La figura femminile sembra essere del tutto disinteressata al neonato, e questo nel 1470 è semplicemente inconcepibile tanto sul piano morale quanto su quello iconografico: nelle “natività” la figura femminile, Maria, si prende cura del neonato. In questa miniatura, invece, è la figura maschile che se ne prende cura. Altro elemento strano sono gli animali. Il bue – il popolo degli eletti – sembra interessato solo alla figura femminile e sembra ignorare del tutto il neonato, al quale invece presta grande attenzione e amore l’asino – il popolo dei non eletti - , e questa strana configurazione sembra contraddire ancora una volta l’iconografia classica che prevedeva i due popoli, quello degli eletti e quello dei non eletti, uniti nel sostenere – riscaldare con l’alito – il neonato che rappresenta il futuro.
Nella miniatura ognuno degli animali raffigurati segue una propria strada. Il letto dove è seduta la figura femminile è troppo stretto per poter ospitare due persone, sembra più un letto singolo piuttosto di uno matrimoniale, e duqnue pare che la figura femminile dorma sola. Mentre la figura femminile è letteralmente ricoperta dal sangue divino, la figura maschile ne viene in contatto molto marginalmente – vi appoggia appena i piedi – e non ne è ricoperto. Credo che non siamo di fronte a una “natività” classica perché la figura femminile non mi pare abbia le connotazioni tipiche di Maria ma piuttosto quelle di Maria Maddalena, o meglio, della tradizione francese tramandata fino ai giorni nostri di Maria Maddalena. La miniatura mi sembra indirizzata a iniziati in grado di comprendere i simboli in essa contenuta.
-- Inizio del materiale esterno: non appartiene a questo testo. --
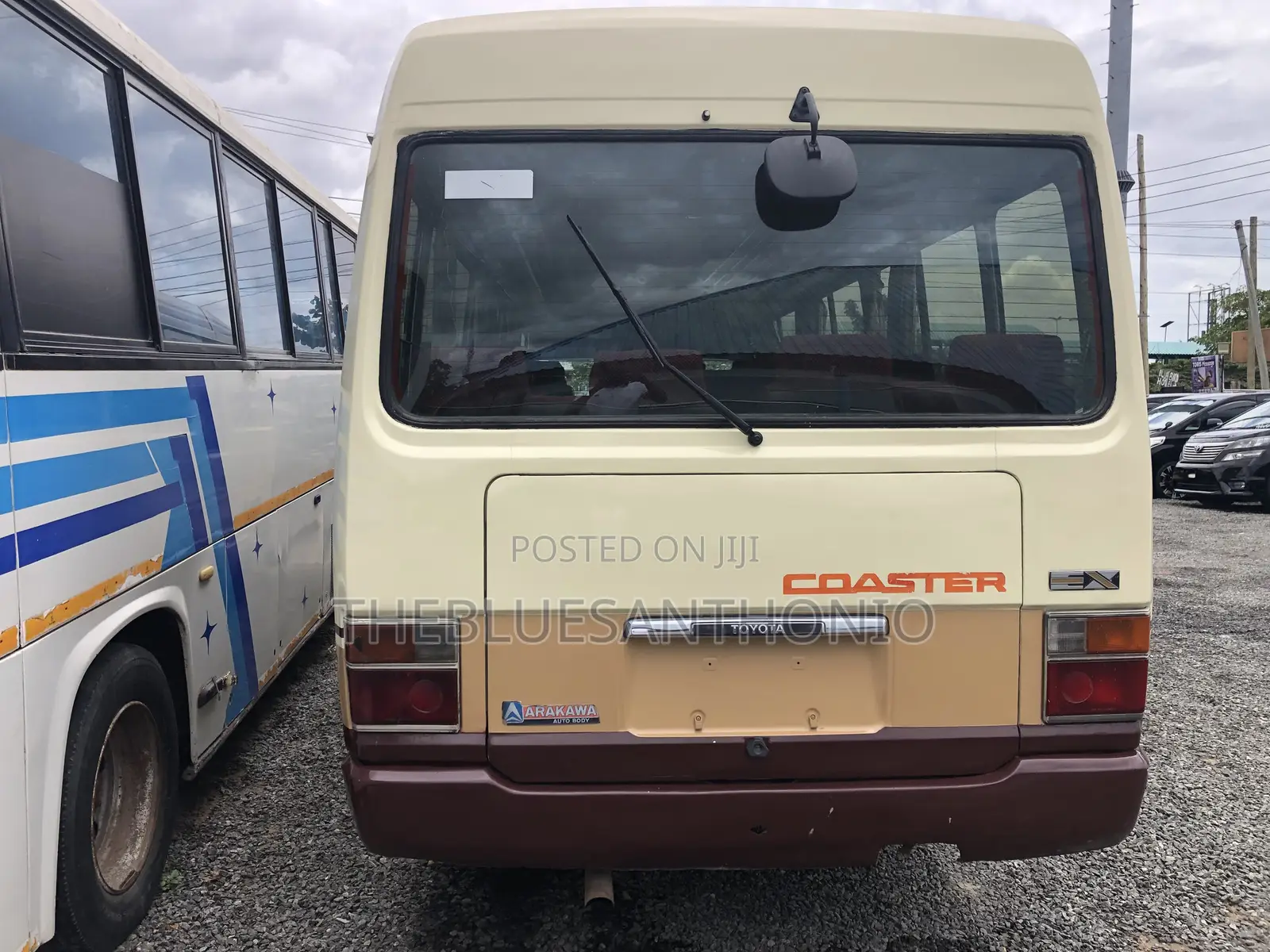 Toyota Coaster 2004 Orange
Ma com’era possibile che in una abbazia che aveva un importante scriptorium come quella della Besançon dell’epoca, dove, ovviamente, gli amnuensi erano sottoposti a un rigido e stretto controllo e dove, naturalmente, in molti erano in grado di leggere compiutamente i simboli raffigurati, com’era possibile che un messaggio così blasfemo per l’epoca potesse uscire proprio dall’abbazia? In realtà quando venne realizzata la miniatura eravamo nell’epoca del tracollo della potenza militare inglese in Francia e alla conclusione della sanguinosa guerra dei cent'anni con la perdita di quasi tutti i feudi inglesi, e con l’affermarsi dei sovrani francesi come Carlo VII di Francia che governerà fino al 1461, al quale subentrerà Luigi XI il Prudente. E fu dunque l’instabilità politica del passaggio tra il dominio inglese e i re francesi l’humus che rese possibile la realizzazione di quest’opera.